### What the exercise asks
From the line with "Building Photo - 30 Baseball Pl" through the final line below, restate each line word for word and return nothing else.

[Data extracted from a collection]

###

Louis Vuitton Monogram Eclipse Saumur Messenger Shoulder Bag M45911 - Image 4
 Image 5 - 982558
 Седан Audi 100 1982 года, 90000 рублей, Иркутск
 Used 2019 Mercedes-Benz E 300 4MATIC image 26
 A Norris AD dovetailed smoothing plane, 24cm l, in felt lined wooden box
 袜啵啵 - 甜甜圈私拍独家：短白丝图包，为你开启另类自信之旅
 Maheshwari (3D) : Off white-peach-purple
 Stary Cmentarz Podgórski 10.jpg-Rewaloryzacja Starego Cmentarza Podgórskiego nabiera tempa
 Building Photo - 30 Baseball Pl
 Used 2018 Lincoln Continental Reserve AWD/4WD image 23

###

### Result of the task
 Building Photo - 30 Baseball Pl
 Used 2018 Lincoln Continental Reserve AWD/4WD image 23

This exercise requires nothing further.